Updates on a couple of talking points in the Izod IndyCar Series:
Team owner revolt?
A pair of stories on SpeedTV.com made it sound like the IndyCar Series was on the brink of a team owner revolt potentially as cataclysmic as the splits that rocked Indy car racing in 1978 and 1996.
Reports of an owners-only meeting at Infineon Raceway in which much displeasure about the way the series was handling the introduction of the Dallara-built 2012 chassis were accurate. But following another owners' meeting at Chicagoland Speedway a week later in which IndyCar CEO Randy Bernard and new car project manager Tony Cotman were present, everyone presented a unified front.
The owners are rightfully concerned about making multimillion-dollar outlays for new equipment at a time when open-wheel racing is suffering significant economic woes. Although costs for the new car (and the new formula turbo engine) will be reduced by about 40 percent from current prices, buying even discounted new equipment is more expensive than soldiering on with the old.
Bernard said he expected some backlash from the design-by-committee process that resulted in Dallara being awarded the basic chassis contract.
"My job as CEO of IndyCar is to appease [the team owners] as much as anyone else," said Bernard. "I hope they know they can come to me, and sometimes I'm going to get some butt-chewings, no doubt. This is one of those times when they had some concerns. They called a meeting, brought me in, asked me where I stood on it, and we walked away like we should have -- together.
"Every one of these team owners has millions and millions of dollars invested. If I made one mistake in this entire process, before we announced the car, I should have had a project manager named right there. I should have named Tony Cotman right there."
Dennis Reinbold of Dreyer & Reinbold Racing spoke for the team owners' group and played down the notion of a revolt by owners.
"It's highly exaggerated and greatly inaccurate and that's why we wanted to have this discussion -- to clarify that," Reinbold said. "The other misnomer is that you can't get team owners and officials to agree on certain things. But that's what we ended up doing. We sat in a room with about 30 guys and had a good conversation that went very well. And we all agreed on things."
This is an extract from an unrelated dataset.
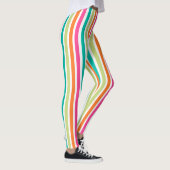 verticale regenboog strepen, kleurrijke retro-mult leggings (Rechts)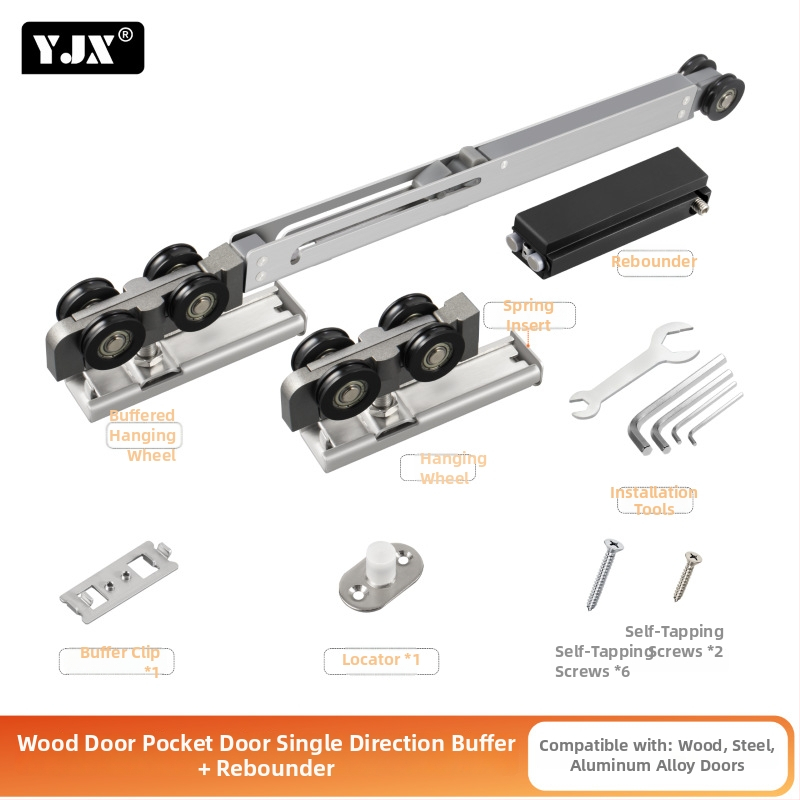 Kotač džepnih kliznih vrata — aluminijska legura, model kotača džepnih vrata, marka Yjx, debljina zida 2 mm, stil moderni minimalizam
Reinbold claimed the owners are satisfied that they will have a significant voice in the development of the new car.
"We're at an infancy stage of determining what this new chassis is going to be and what it's going to look like and that sort of thing," he said. "So this is a critical time, which is why we wanted to talk to Tony about the product development so he could have our input. It's still got some questions surrounding it, and we had concerns. Randy and Tony listened to those and handled that very well. We will work with Dallara to try to put some things into the new chassis that we would like to see and that they would like to see.
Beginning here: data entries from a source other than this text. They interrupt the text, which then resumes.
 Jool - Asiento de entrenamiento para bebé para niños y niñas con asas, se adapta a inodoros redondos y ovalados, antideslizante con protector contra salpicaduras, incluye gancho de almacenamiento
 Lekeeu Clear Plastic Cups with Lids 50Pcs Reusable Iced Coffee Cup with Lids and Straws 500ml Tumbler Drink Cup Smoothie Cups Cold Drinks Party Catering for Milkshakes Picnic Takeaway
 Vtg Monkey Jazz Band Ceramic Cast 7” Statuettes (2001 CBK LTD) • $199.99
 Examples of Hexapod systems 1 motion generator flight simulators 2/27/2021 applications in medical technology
"Next weekend we're planning to reconvene with Tony because he will have more information to share. I think he has a lot of us who can help him. We have a lot of questions; he doesn't have all the answers right now, but we'll develop those answers together."
End for Chicago and Indy?
There is no question that Chicagoland Speedway has produced some of the most memorable races in IndyCar Series history.
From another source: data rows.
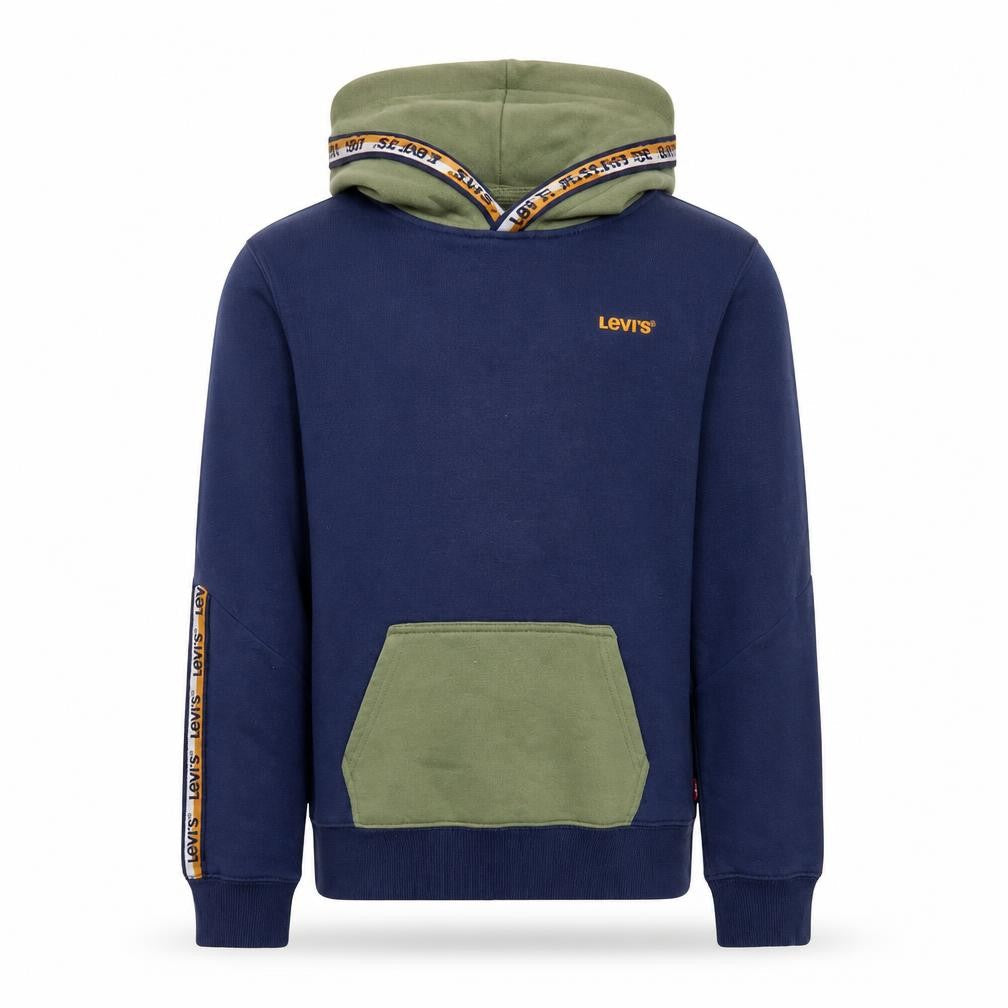 Levi's Boys Blue & Green Pullover Hoodie 14 Years Cotton Blend Logo Detail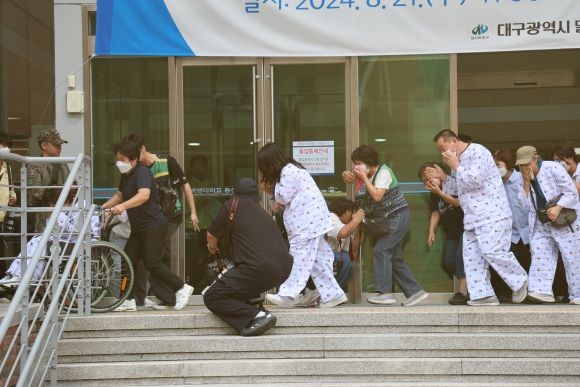 을지연습 실제훈련 모습. ⓒ 계명대학교 동산병원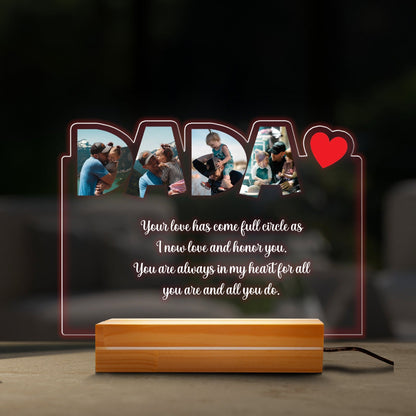 Personalized DADA Lamp with Photos, Real Glass DADA Plaque, Father's Day Gift for Husband, Engraved Wood Base Nightlight, Custom Photo Gift - main product image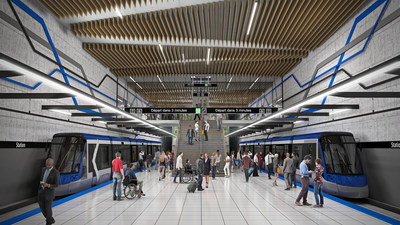 Rseau structurant de transport en commun - Station Tramway souterraine (Groupe CNW/Ville de Qubec)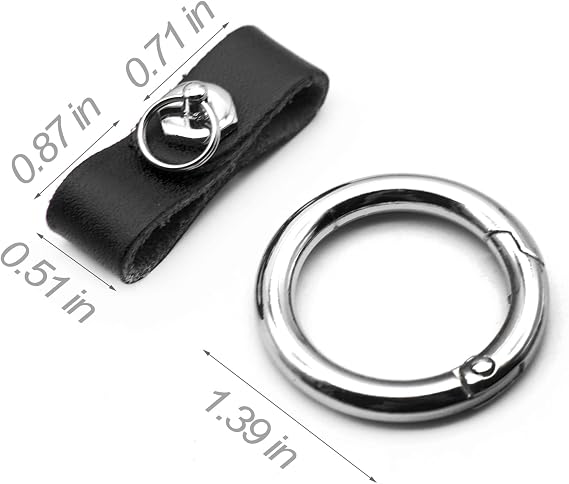 FEYOUN Key Chain Car Key Clip Quick Release Leather Car Keychain for Men and Women - Black Color, with Anti-Lost Ring, Short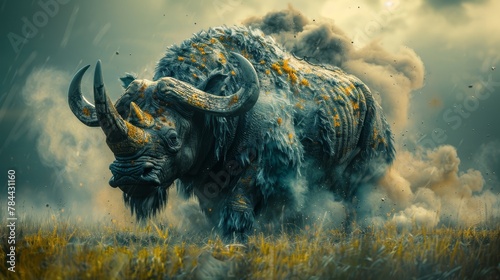  A painting of a bison in a field with heavy smoke billowing from its back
Saturday night was no exception, with a photo finish and pack racing reminiscent of a NASCAR restrictor-plate event at Daytona or Talledega.
That kind of racing is not popular among NASCAR drivers, and 30 mph faster and with exposed wheels, it's even more dangerous and stressful for Indy car drivers.
"It puts on a great show," said race winner Dario Franchitti. "The fans, I think, really love it. I'd just like a bit more control, I guess, to be in the drivers' hands. It's just an unfortunate fact of life. These cars are maybe too quick and the tracks weren't designed with our cars in mind.
"The trouble with this style of racing is sometimes it's either how brave or how stupid you want to be. Sometimes it's not what you do or the person next to you, it's the person three up or something, or the backmarkers. I'm just glad everybody got out of here in one piece tonight."
It sounds like Franchitti and the other drivers won't have to worry about returning to Chicagoland. With less than a third of Chicagoland's 75,000 seats filled Saturday night, it appears that Indy car racing's 10-year stint in Joliet is done.
Whether that's the result of a lack of interested Indy car fans in the region or a lack of promotional effort on the part of the track (and its owner, the NASCAR-affiliated International Speedway Corp.) will never be known.
The underlying theme is that IndyCar's business relationship with ISC is finished. ISC tracks host four IndyCar events, including the 2010 season finale at Homestead-Miami Speedway, and all are notable for poor attendance.
Chicagoland Speedway president Craig Rust indicated that the track and the series are far away from agreeing on a sanctioning fee, and Bernard seems much more interested in reviving an event at the Milwaukee Mile.
"I want that event bad," Bernard said.
"Chicagoland and ISC have their primary own objectives, and IndyCar has their primary objectives. I'm not sure we're all on the same page right now. But we still have a great relationship with ISC."